Happily, "Layaway Angels" have been striking coast to coast this holiday season. |
Layaway Angels are people who have a pretty decent stash of money. They walk into places like Walmart or Kmart and hand over a check to the layaway department.
What they're doing is paying off everybody's layaway stash. Or, if they don't have that much money to donate, they just pay off the layaway of a few strangers they don't know.
Just because.
Layaways scare me. For the uninitiated, if you don't have a lot of money but want to buy something as a Christmas gift, you select your merchandise, and bring it to the layaway department in your favorite department or discount store.
You put in a down payment, pay a layaway fee, then make weekly, biweekly or monthly payments until the balance is paid off. Once you've paid everything, you grab your merchandise and go.
Apparently layaways started in the 1930s, when everyone (well, almost everyone) was suffering from the effects of the Great Depression. People tried anything they could including the installment plans associated with layaways, to get their consumer goods.
Credit cards pretty much did away with layaways, since people could just charge their purchases. But the Great Recession, starting in 2008, brought back the layaway, just as the Great Depression gave birth to it.
People couldn't get credit cards, so they went the layaway route.
The problem with layaways is, if you can't pay off your purchase, you don't get the item. You do get refunded, but stores often keep a portion of the proceeds. Which means people who couldn't pay lose.
That's one of the beauties of layaway angels. A certain percentage of people won't pay off their layaways. And pretty much everybody else who can is strapped for cash.
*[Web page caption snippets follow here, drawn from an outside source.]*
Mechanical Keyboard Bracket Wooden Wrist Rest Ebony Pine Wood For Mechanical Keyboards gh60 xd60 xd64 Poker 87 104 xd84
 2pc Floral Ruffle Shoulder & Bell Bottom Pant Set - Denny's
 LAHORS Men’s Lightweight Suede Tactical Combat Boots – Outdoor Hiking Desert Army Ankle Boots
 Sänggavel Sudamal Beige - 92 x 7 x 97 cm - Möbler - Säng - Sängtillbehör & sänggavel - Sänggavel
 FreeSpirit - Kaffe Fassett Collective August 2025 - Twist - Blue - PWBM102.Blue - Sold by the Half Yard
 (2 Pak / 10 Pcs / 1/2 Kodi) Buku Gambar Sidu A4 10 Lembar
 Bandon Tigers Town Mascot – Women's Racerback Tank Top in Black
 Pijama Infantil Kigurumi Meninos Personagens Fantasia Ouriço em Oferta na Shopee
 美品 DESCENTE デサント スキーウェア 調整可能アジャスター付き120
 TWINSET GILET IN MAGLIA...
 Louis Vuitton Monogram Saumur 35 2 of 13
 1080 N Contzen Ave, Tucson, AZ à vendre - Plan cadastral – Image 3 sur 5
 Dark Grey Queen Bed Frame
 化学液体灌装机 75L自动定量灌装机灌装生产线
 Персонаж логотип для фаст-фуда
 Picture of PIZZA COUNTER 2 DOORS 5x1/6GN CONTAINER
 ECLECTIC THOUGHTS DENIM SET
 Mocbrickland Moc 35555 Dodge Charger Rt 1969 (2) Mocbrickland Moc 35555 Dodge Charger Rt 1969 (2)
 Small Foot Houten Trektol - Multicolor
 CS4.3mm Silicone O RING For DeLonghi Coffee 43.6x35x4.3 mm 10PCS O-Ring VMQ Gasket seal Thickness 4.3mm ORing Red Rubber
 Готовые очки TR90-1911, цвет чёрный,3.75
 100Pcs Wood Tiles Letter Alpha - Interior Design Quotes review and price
So the layaway angels really put people's minds at ease for Christmas,
Which is precisely what you want during this stressful time of year.
So it's great that there's been a flurry of "Layaway Angels" this year. According PennLive.com somebody know only as "Santa B" plunked down $50,000 in a Pennsylvania Walmart to pay off a bunch of layaways.
Other layaway angels have struck in Tennessee, West Virginia, Boston and elsewhere, says Consumerist.
Various media outlets have reported layaway angels in almost every state.
The layaway angel trend seems to have started in 2011 and had been building since.
You can participate, too. People who don't have thousands of dollars running around can also anonymously go into a store and just pay off one stranger's layaway debt, maybe $100 or $200 and remain anonymous if they choose.
In nearly every case, the person acting as a layaway angel has refused to be publicly identified, which makes it even better.
I salute these layaway angels and wish them a totally happy holiday season. Because they deserve it.